• [What the task requires] All records below are to be set down exactly, each character intact.

[[ Material supplied, beginning ]]

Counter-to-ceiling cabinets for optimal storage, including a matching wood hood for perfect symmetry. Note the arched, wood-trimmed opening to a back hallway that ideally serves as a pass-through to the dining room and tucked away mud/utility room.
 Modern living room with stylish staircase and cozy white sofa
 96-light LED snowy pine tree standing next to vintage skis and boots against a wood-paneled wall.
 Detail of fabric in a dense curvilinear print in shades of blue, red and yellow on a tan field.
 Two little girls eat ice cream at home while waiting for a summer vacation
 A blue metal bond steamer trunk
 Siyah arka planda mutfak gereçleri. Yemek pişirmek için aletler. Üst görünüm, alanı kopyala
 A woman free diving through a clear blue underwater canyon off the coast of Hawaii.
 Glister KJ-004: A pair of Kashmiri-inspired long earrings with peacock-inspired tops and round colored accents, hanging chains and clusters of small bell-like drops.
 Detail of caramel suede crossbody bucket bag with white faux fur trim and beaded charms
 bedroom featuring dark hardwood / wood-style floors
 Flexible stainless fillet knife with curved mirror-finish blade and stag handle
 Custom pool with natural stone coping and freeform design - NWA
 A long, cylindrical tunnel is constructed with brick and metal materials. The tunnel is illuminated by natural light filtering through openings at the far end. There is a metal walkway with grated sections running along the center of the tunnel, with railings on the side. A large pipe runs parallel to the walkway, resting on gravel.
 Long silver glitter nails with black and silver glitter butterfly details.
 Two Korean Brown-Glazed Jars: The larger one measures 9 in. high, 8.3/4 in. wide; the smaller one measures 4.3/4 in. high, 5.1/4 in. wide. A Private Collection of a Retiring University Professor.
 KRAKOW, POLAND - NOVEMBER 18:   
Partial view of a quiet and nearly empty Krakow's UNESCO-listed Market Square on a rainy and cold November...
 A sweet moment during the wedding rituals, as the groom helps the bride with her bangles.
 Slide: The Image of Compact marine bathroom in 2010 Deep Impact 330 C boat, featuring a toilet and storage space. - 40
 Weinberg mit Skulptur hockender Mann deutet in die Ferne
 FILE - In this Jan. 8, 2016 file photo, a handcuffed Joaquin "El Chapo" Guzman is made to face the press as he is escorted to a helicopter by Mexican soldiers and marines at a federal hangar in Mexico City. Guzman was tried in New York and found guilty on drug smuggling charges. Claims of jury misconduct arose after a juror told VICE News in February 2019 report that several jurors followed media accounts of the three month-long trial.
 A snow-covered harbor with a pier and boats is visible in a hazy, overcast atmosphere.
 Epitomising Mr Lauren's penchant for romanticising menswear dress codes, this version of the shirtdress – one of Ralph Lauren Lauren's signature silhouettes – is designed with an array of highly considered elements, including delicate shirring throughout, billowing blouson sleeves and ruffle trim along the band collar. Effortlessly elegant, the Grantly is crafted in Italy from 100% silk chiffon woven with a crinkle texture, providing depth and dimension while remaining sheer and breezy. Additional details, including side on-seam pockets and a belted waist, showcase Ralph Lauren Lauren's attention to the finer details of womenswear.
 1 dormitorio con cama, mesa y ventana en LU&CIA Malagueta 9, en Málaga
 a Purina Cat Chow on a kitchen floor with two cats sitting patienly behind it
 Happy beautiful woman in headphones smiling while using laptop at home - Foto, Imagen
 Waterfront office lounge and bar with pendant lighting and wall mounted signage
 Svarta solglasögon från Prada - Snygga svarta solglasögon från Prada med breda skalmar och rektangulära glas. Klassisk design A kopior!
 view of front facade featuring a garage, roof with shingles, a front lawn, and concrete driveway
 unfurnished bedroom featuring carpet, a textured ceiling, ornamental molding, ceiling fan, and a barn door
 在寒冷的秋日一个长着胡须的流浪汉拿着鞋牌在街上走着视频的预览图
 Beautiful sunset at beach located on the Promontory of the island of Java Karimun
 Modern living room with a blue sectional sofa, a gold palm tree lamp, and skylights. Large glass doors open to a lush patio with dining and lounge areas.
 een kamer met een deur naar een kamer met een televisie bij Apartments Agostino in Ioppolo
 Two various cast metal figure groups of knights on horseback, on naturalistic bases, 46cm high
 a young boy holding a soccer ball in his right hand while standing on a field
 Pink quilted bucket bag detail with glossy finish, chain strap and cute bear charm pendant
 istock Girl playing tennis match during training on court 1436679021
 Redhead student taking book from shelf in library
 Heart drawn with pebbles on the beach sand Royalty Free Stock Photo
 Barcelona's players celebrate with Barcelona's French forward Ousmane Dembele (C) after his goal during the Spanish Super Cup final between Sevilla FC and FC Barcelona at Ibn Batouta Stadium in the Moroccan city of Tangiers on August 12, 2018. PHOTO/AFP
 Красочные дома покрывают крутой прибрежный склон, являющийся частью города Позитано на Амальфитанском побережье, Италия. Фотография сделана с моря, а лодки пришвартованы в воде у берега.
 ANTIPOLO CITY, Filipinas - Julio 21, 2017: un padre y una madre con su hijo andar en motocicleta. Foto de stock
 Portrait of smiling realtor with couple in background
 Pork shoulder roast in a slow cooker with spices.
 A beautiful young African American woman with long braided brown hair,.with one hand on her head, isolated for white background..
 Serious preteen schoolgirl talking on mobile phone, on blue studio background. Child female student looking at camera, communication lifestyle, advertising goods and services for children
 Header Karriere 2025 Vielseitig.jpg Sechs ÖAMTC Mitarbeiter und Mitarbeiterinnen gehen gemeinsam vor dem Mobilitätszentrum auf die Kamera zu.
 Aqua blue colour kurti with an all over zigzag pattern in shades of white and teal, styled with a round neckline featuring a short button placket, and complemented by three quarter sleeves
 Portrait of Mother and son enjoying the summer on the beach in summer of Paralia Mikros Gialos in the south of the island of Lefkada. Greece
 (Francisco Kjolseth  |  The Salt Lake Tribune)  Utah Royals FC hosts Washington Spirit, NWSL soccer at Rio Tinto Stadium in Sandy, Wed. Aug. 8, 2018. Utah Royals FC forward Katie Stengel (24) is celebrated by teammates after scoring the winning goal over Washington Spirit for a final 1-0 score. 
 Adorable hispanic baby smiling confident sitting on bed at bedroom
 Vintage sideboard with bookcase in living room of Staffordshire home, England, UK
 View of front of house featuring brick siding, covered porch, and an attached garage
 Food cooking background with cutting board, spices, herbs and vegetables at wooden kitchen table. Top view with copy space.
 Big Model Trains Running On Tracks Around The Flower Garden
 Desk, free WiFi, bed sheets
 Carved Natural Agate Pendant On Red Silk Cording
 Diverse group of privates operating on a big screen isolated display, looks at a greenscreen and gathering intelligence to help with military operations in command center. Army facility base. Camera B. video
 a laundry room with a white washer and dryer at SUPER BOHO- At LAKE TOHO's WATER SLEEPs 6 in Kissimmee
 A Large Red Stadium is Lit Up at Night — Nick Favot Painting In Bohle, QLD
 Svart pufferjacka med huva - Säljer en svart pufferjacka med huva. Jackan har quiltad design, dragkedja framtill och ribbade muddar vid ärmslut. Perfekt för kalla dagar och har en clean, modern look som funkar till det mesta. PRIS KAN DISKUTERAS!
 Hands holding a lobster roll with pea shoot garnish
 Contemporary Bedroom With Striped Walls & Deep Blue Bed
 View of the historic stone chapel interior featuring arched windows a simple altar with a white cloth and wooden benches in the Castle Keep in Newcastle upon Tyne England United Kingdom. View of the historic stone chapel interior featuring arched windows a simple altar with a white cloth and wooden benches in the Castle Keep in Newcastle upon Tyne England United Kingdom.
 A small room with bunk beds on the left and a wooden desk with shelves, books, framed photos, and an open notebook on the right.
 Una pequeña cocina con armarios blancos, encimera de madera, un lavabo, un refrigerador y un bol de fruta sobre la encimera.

[[ Material supplied, end ]]

• [Answer for this exercise]
Counter-to-ceiling cabinets for optimal storage, including a matching wood hood for perfect symmetry. Note the arched, wood-trimmed opening to a back hallway that ideally serves as a pass-through to the dining room and tucked away mud/utility room.
 Modern living room with stylish staircase and cozy white sofa
 96-light LED snowy pine tree standing next to vintage skis and boots against a wood-paneled wall.
 Detail of fabric in a dense curvilinear print in shades of blue, red and yellow on a tan field.
 Two little girls eat ice cream at home while waiting for a summer vacation
 A blue metal bond steamer trunk
 Siyah arka planda mutfak gereçleri. Yemek pişirmek için aletler. Üst görünüm, alanı kopyala
 A woman free diving through a clear blue underwater canyon off the coast of Hawaii.
 Glister KJ-004: A pair of Kashmiri-inspired long earrings with peacock-inspired tops and round colored accents, hanging chains and clusters of small bell-like drops.
 Detail of caramel suede crossbody bucket bag with white faux fur trim and beaded charms
 bedroom featuring dark hardwood / wood-style floors
 Flexible stainless fillet knife with curved mirror-finish blade and stag handle
 Custom pool with natural stone coping and freeform design - NWA
 A long, cylindrical tunnel is constructed with brick and metal materials. The tunnel is illuminated by natural light filtering through openings at the far end. There is a metal walkway with grated sections running along the center of the tunnel, with railings on the side. A large pipe runs parallel to the walkway, resting on gravel.
 Long silver glitter nails with black and silver glitter butterfly details.
 Two Korean Brown-Glazed Jars: The larger one measures 9 in. high, 8.3/4 in. wide; the smaller one measures 4.3/4 in. high, 5.1/4 in. wide. A Private Collection of a Retiring University Professor.
 KRAKOW, POLAND - NOVEMBER 18:   
Partial view of a quiet and nearly empty Krakow's UNESCO-listed Market Square on a rainy and cold November...
 A sweet moment during the wedding rituals, as the groom helps the bride with her bangles.
 Slide: The Image of Compact marine bathroom in 2010 Deep Impact 330 C boat, featuring a toilet and storage space. - 40
 Weinberg mit Skulptur hockender Mann deutet in die Ferne
 FILE - In this Jan. 8, 2016 file photo, a handcuffed Joaquin "El Chapo" Guzman is made to face the press as he is escorted to a helicopter by Mexican soldiers and marines at a federal hangar in Mexico City. Guzman was tried in New York and found guilty on drug smuggling charges. Claims of jury misconduct arose after a juror told VICE News in February 2019 report that several jurors followed media accounts of the three month-long trial.
 A snow-covered harbor with a pier and boats is visible in a hazy, overcast atmosphere.
 Epitomising Mr Lauren's penchant for romanticising menswear dress codes, this version of the shirtdress – one of Ralph Lauren Lauren's signature silhouettes – is designed with an array of highly considered elements, including delicate shirring throughout, billowing blouson sleeves and ruffle trim along the band collar. Effortlessly elegant, the Grantly is crafted in Italy from 100% silk chiffon woven with a crinkle texture, providing depth and dimension while remaining sheer and breezy. Additional details, including side on-seam pockets and a belted waist, showcase Ralph Lauren Lauren's attention to the finer details of womenswear.
 1 dormitorio con cama, mesa y ventana en LU&CIA Malagueta 9, en Málaga
 a Purina Cat Chow on a kitchen floor with two cats sitting patienly behind it
 Happy beautiful woman in headphones smiling while using laptop at home - Foto, Imagen
 Waterfront office lounge and bar with pendant lighting and wall mounted signage
 Svarta solglasögon från Prada - Snygga svarta solglasögon från Prada med breda skalmar och rektangulära glas. Klassisk design A kopior!
 view of front facade featuring a garage, roof with shingles, a front lawn, and concrete driveway
 unfurnished bedroom featuring carpet, a textured ceiling, ornamental molding, ceiling fan, and a barn door
 在寒冷的秋日一个长着胡须的流浪汉拿着鞋牌在街上走着视频的预览图
 Beautiful sunset at beach located on the Promontory of the island of Java Karimun
 Modern living room with a blue sectional sofa, a gold palm tree lamp, and skylights. Large glass doors open to a lush patio with dining and lounge areas.
 een kamer met een deur naar een kamer met een televisie bij Apartments Agostino in Ioppolo
 Two various cast metal figure groups of knights on horseback, on naturalistic bases, 46cm high
 a young boy holding a soccer ball in his right hand while standing on a field
 Pink quilted bucket bag detail with glossy finish, chain strap and cute bear charm pendant
 istock Girl playing tennis match during training on court 1436679021
 Redhead student taking book from shelf in library
 Heart drawn with pebbles on the beach sand Royalty Free Stock Photo
 Barcelona's players celebrate with Barcelona's French forward Ousmane Dembele (C) after his goal during the Spanish Super Cup final between Sevilla FC and FC Barcelona at Ibn Batouta Stadium in the Moroccan city of Tangiers on August 12, 2018. PHOTO/AFP
 Красочные дома покрывают крутой прибрежный склон, являющийся частью города Позитано на Амальфитанском побережье, Италия. Фотография сделана с моря, а лодки пришвартованы в воде у берега.
 ANTIPOLO CITY, Filipinas - Julio 21, 2017: un padre y una madre con su hijo andar en motocicleta. Foto de stock
 Portrait of smiling realtor with couple in background
 Pork shoulder roast in a slow cooker with spices.
 A beautiful young African American woman with long braided brown hair,.with one hand on her head, isolated for white background..
 Serious preteen schoolgirl talking on mobile phone, on blue studio background. Child female student looking at camera, communication lifestyle, advertising goods and services for children
 Header Karriere 2025 Vielseitig.jpg Sechs ÖAMTC Mitarbeiter und Mitarbeiterinnen gehen gemeinsam vor dem Mobilitätszentrum auf die Kamera zu.
 Aqua blue colour kurti with an all over zigzag pattern in shades of white and teal, styled with a round neckline featuring a short button placket, and complemented by three quarter sleeves
 Portrait of Mother and son enjoying the summer on the beach in summer of Paralia Mikros Gialos in the south of the island of Lefkada. Greece
 (Francisco Kjolseth  |  The Salt Lake Tribune)  Utah Royals FC hosts Washington Spirit, NWSL soccer at Rio Tinto Stadium in Sandy, Wed. Aug. 8, 2018. Utah Royals FC forward Katie Stengel (24) is celebrated by teammates after scoring the winning goal over Washington Spirit for a final 1-0 score. 
 Adorable hispanic baby smiling confident sitting on bed at bedroom
 Vintage sideboard with bookcase in living room of Staffordshire home, England, UK
 View of front of house featuring brick siding, covered porch, and an attached garage
 Food cooking background with cutting board, spices, herbs and vegetables at wooden kitchen table. Top view with copy space.
 Big Model Trains Running On Tracks Around The Flower Garden
 Desk, free WiFi, bed sheets
 Carved Natural Agate Pendant On Red Silk Cording
 Diverse group of privates operating on a big screen isolated display, looks at a greenscreen and gathering intelligence to help with military operations in command center. Army facility base. Camera B. video
 a laundry room with a white washer and dryer at SUPER BOHO- At LAKE TOHO's WATER SLEEPs 6 in Kissimmee
 A Large Red Stadium is Lit Up at Night — Nick Favot Painting In Bohle, QLD
 Svart pufferjacka med huva - Säljer en svart pufferjacka med huva. Jackan har quiltad design, dragkedja framtill och ribbade muddar vid ärmslut. Perfekt för kalla dagar och har en clean, modern look som funkar till det mesta. PRIS KAN DISKUTERAS!
 Hands holding a lobster roll with pea shoot garnish
 Contemporary Bedroom With Striped Walls & Deep Blue Bed
 View of the historic stone chapel interior featuring arched windows a simple altar with a white cloth and wooden benches in the Castle Keep in Newcastle upon Tyne England United Kingdom. View of the historic stone chapel interior featuring arched windows a simple altar with a white cloth and wooden benches in the Castle Keep in Newcastle upon Tyne England United Kingdom.
 A small room with bunk beds on the left and a wooden desk with shelves, books, framed photos, and an open notebook on the right.
 Una pequeña cocina con armarios blancos, encimera de madera, un lavabo, un refrigerador y un bol de fruta sobre la encimera.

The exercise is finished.